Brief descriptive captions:
-- Opening Marker --
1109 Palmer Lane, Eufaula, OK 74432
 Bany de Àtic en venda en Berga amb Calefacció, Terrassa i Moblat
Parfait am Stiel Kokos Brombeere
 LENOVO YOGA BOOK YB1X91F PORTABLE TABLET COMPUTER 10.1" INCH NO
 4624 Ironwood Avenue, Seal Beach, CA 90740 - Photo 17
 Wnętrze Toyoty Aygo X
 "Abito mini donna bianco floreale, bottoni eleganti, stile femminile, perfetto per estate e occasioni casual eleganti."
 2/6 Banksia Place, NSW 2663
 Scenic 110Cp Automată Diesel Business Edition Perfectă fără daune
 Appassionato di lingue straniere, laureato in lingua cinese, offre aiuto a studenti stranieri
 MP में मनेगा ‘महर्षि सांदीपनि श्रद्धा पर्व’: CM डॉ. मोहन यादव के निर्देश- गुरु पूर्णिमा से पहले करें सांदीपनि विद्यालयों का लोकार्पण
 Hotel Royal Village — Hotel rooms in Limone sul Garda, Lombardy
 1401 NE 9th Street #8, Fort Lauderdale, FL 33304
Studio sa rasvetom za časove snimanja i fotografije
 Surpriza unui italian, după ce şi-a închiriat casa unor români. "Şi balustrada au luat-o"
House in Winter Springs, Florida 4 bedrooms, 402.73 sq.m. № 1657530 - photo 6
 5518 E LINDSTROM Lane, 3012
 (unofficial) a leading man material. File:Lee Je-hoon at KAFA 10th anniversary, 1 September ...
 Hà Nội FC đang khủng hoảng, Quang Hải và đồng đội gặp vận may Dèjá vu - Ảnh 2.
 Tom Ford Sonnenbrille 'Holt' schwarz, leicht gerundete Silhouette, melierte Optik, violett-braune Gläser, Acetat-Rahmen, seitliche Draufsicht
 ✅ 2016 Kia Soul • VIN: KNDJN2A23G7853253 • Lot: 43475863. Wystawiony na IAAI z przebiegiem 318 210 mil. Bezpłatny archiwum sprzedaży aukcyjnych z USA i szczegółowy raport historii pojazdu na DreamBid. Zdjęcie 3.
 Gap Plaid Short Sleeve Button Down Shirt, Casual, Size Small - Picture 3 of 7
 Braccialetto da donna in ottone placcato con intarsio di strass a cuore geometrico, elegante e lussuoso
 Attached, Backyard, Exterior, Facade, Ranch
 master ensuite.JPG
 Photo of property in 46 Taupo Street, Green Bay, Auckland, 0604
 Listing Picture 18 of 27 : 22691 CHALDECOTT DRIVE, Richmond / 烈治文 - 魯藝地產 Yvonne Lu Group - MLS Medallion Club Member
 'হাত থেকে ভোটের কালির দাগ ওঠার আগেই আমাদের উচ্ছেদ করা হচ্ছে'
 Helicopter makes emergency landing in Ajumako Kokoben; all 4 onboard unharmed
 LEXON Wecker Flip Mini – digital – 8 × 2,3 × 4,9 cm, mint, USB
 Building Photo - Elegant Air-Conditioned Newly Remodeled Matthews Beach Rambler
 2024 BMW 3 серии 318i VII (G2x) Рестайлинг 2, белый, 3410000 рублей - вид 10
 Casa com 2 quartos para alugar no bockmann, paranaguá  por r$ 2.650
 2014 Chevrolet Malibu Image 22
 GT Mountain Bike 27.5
-- Closing Marker --
▶ [Work to complete]
Taking the entries above, write out exactly the lines starting with the line containing "mini donna bianco" and going on through the line containing "MP में मनेगा", both included, and nothing else.

▶ [Result for this task]
 "Abito mini donna bianco floreale, bottoni eleganti, stile femminile, perfetto per estate e occasioni casual eleganti."
 2/6 Banksia Place, NSW 2663
 Scenic 110Cp Automată Diesel Business Edition Perfectă fără daune
 Appassionato di lingue straniere, laureato in lingua cinese, offre aiuto a studenti stranieri
 MP में मनेगा ‘महर्षि सांदीपनि श्रद्धा पर्व’: CM डॉ. मोहन यादव के निर्देश- गुरु पूर्णिमा से पहले करें सांदीपनि विद्यालयों का लोकार्पण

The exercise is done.